____ The data
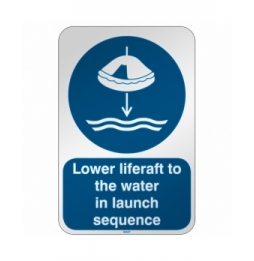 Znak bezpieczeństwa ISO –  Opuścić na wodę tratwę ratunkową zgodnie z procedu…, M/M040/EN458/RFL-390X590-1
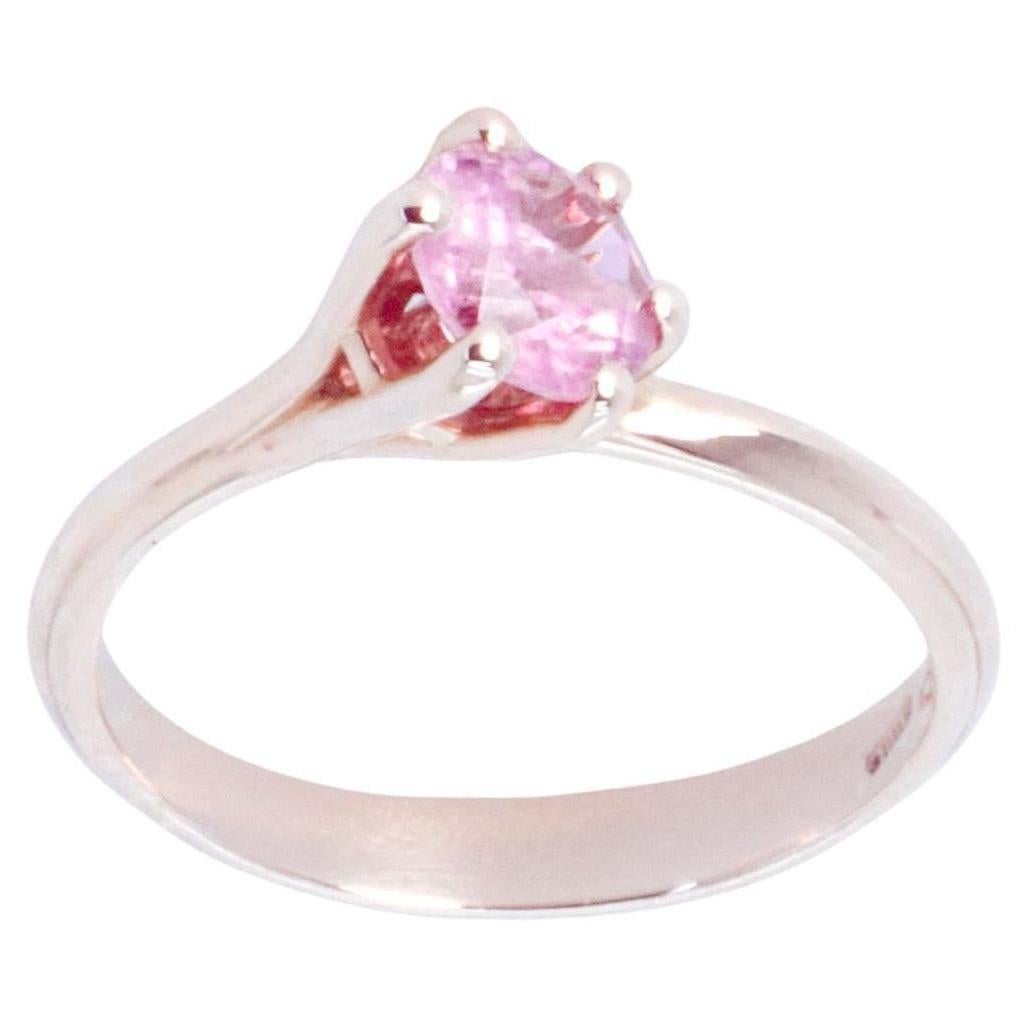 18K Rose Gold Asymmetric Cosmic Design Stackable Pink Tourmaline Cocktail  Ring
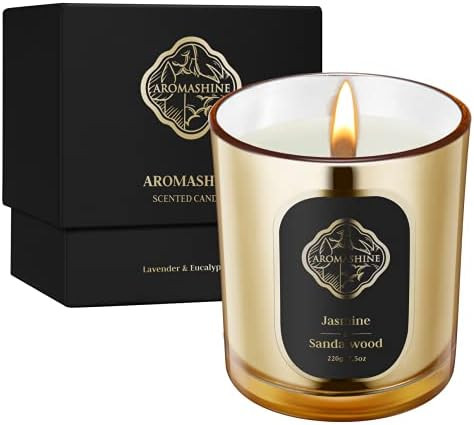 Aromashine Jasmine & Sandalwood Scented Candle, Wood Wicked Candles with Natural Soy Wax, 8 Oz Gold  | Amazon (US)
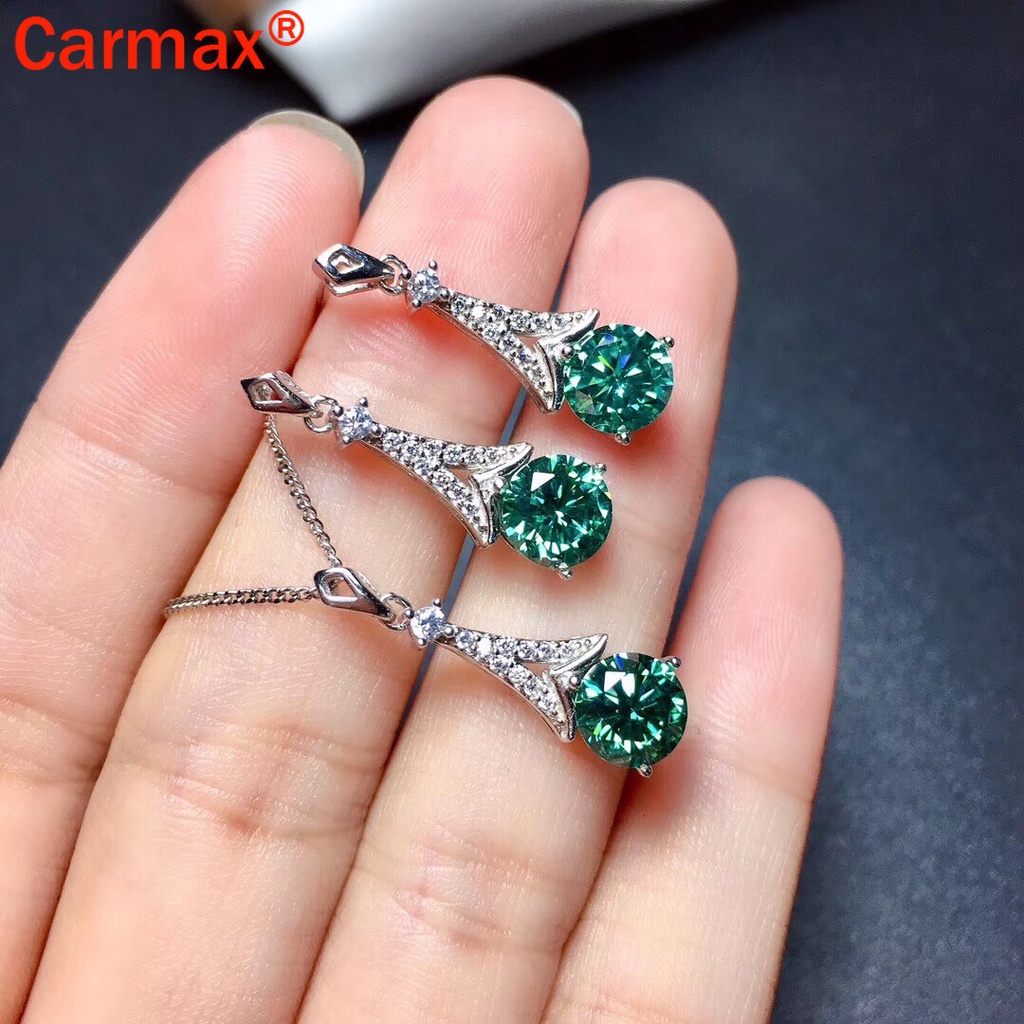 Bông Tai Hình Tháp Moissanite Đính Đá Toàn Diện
________
Once more, give the listing above exactly, leaving each picture out.

** Response area **
 Znak bezpieczeństwa ISO –  Opuścić na wodę tratwę ratunkową zgodnie z procedu…, M/M040/EN458/RFL-390X590-1
 18K Rose Gold Asymmetric Cosmic Design Stackable Pink Tourmaline Cocktail  Ring
 Aromashine Jasmine & Sandalwood Scented Candle, Wood Wicked Candles with Natural Soy Wax, 8 Oz Gold  | Amazon (US)
 Bông Tai Hình Tháp Moissanite Đính Đá Toàn Diện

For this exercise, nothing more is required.